__Materials provided__.
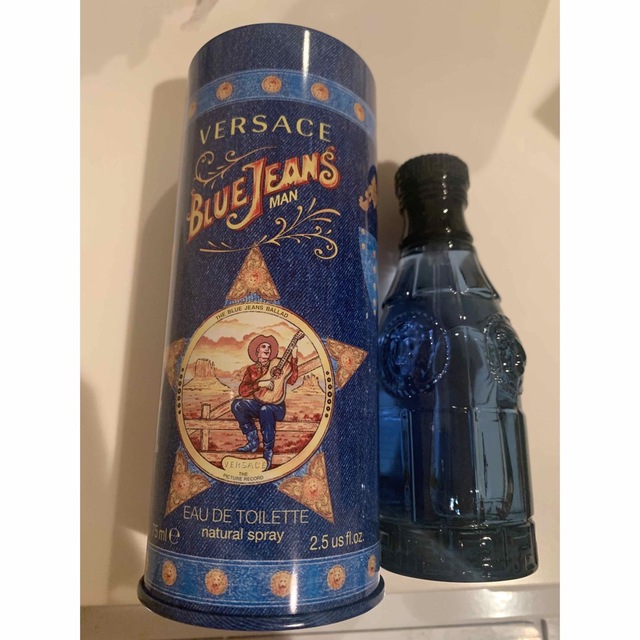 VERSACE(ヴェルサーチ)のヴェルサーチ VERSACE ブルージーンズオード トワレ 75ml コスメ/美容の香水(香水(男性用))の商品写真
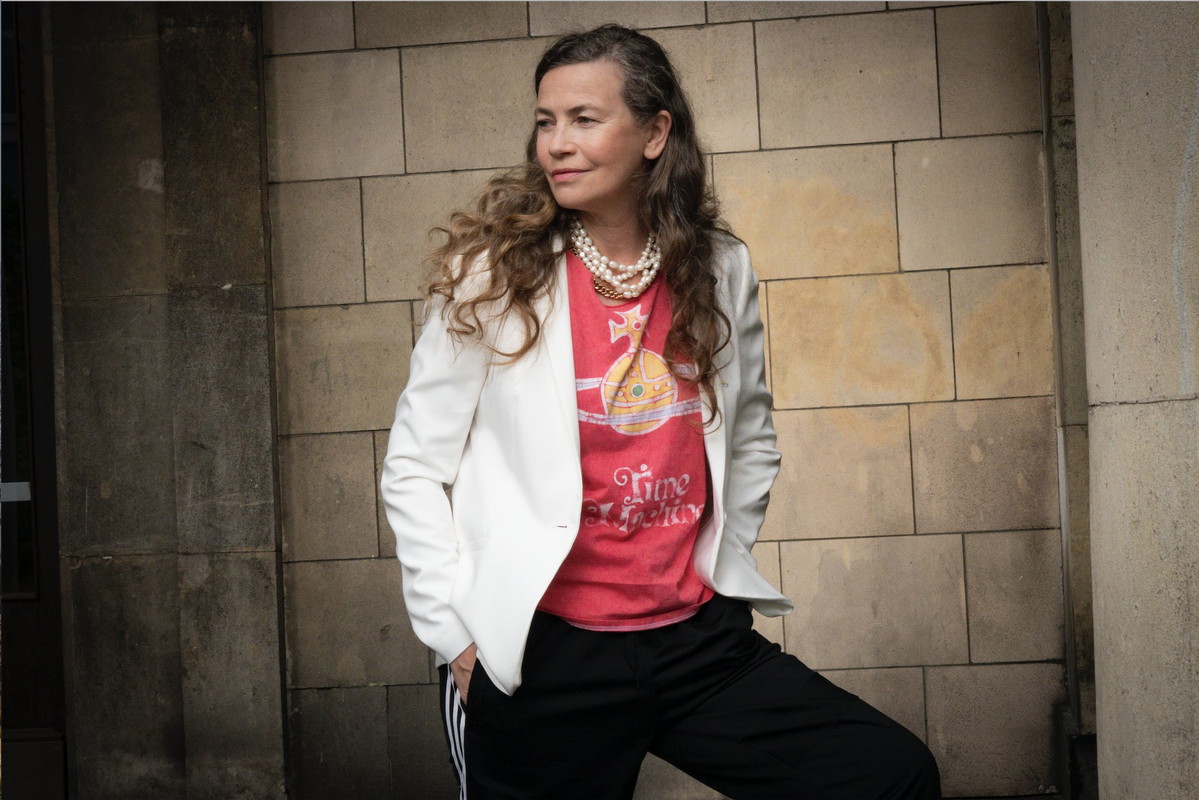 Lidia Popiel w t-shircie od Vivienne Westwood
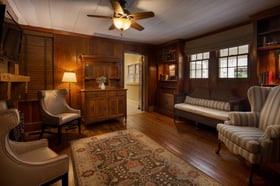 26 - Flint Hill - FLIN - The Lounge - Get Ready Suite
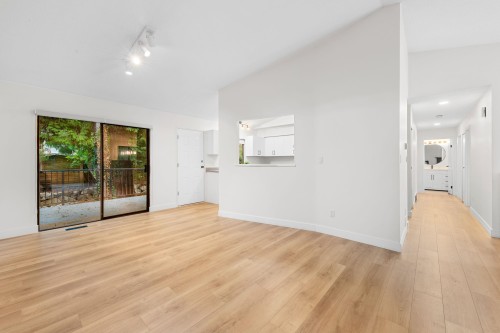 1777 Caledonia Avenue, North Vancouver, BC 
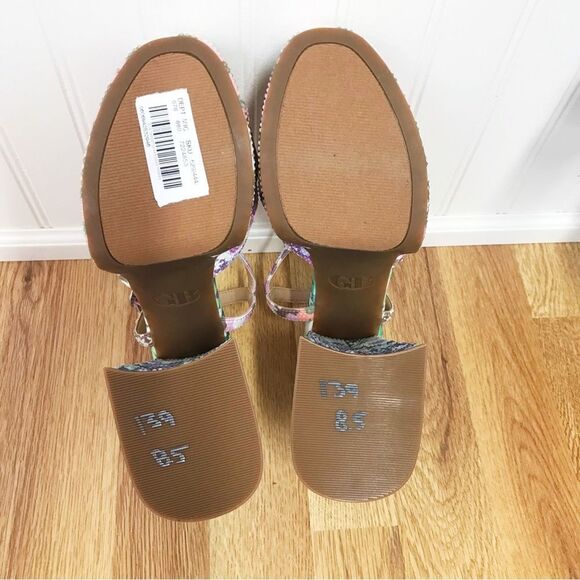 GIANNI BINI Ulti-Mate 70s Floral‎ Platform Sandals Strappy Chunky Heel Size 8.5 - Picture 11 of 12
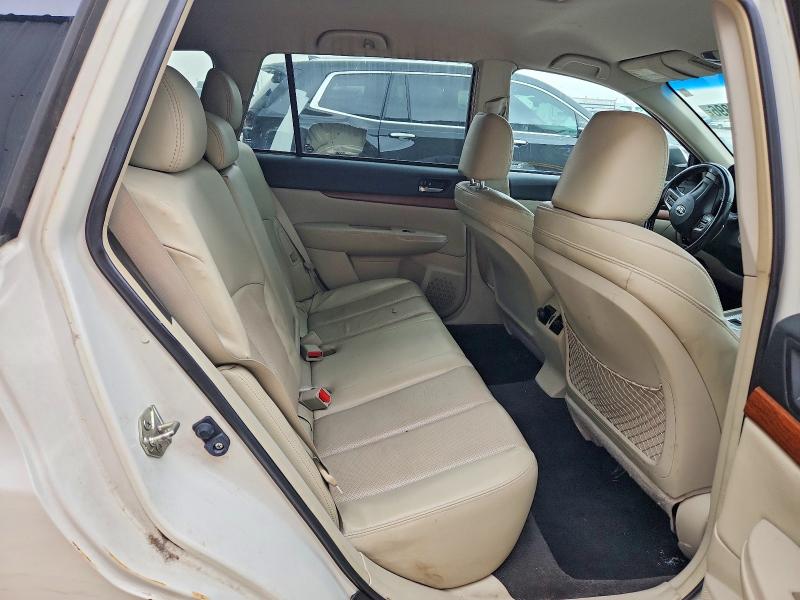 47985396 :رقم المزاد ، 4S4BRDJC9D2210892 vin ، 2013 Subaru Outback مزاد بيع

...

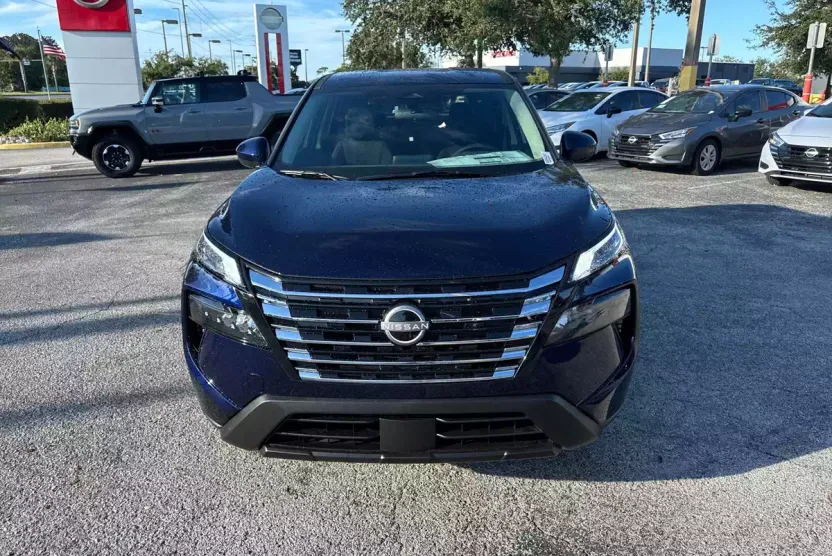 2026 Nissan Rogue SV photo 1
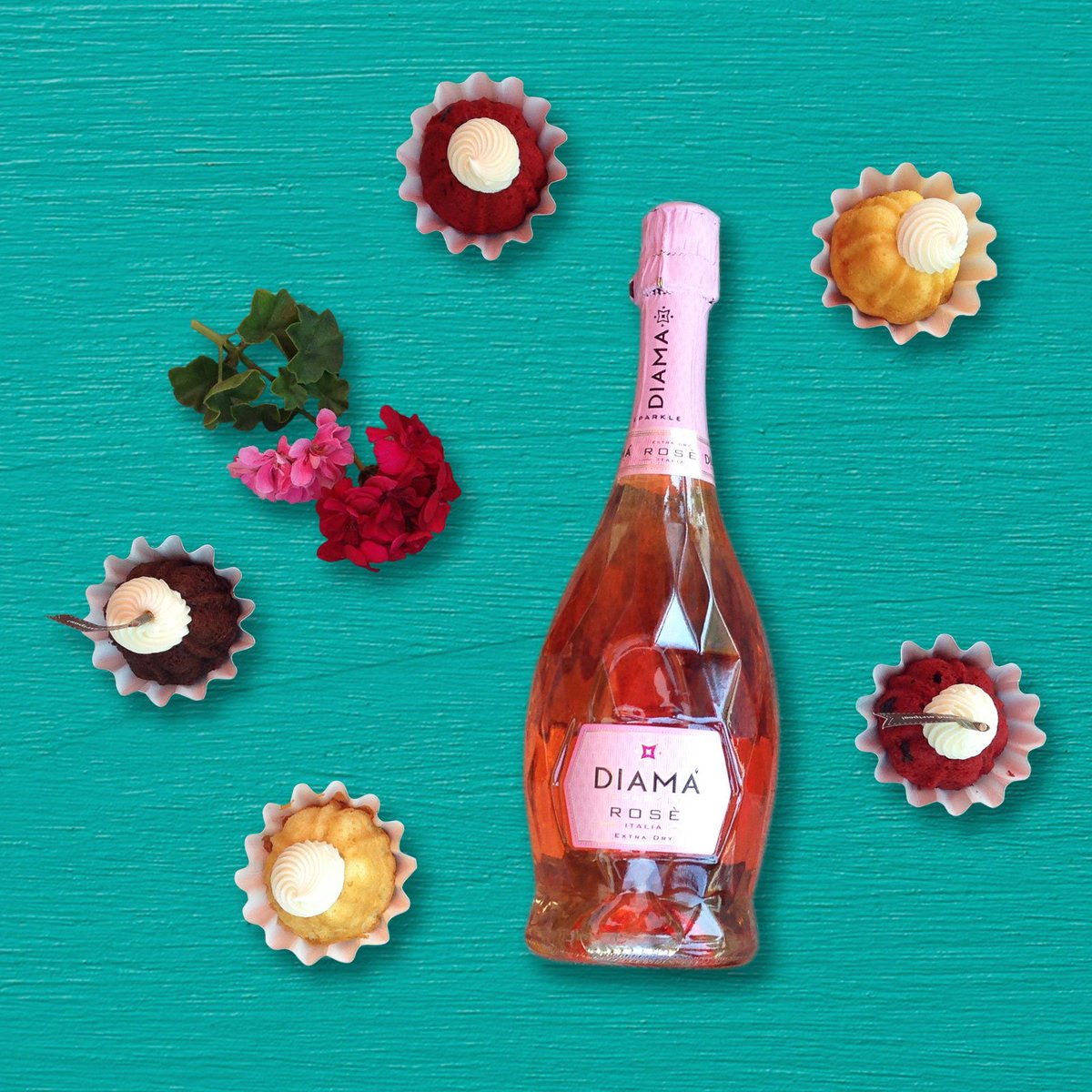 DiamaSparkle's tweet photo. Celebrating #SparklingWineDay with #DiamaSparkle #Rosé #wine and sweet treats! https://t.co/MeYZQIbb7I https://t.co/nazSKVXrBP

--

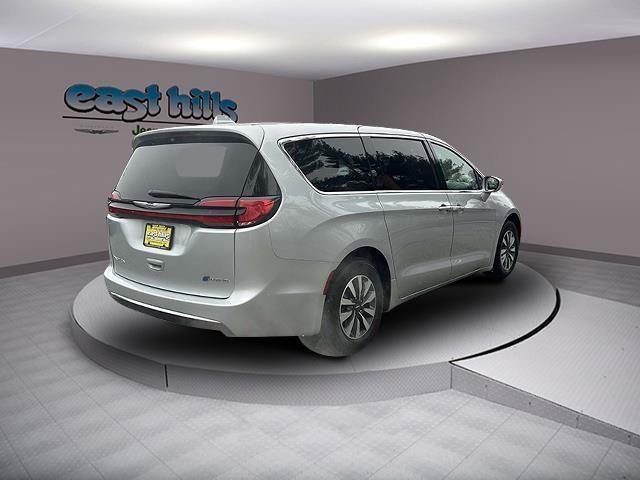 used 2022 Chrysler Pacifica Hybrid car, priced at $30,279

__To do__. Please repeat, exactly as written, the lines in the records above, starting with the one that has "1777 Caledonia Avenue, North Vancouver, BC" and going on through the one that has "47985396 :رقم المزاد". Pictures are to be left out.

__Exercise answer__.
 1777 Caledonia Avenue, North Vancouver, BC 
 GIANNI BINI Ulti-Mate 70s Floral‎ Platform Sandals Strappy Chunky Heel Size 8.5 - Picture 11 of 12
 47985396 :رقم المزاد ، 4S4BRDJC9D2210892 vin ، 2013 Subaru Outback مزاد بيع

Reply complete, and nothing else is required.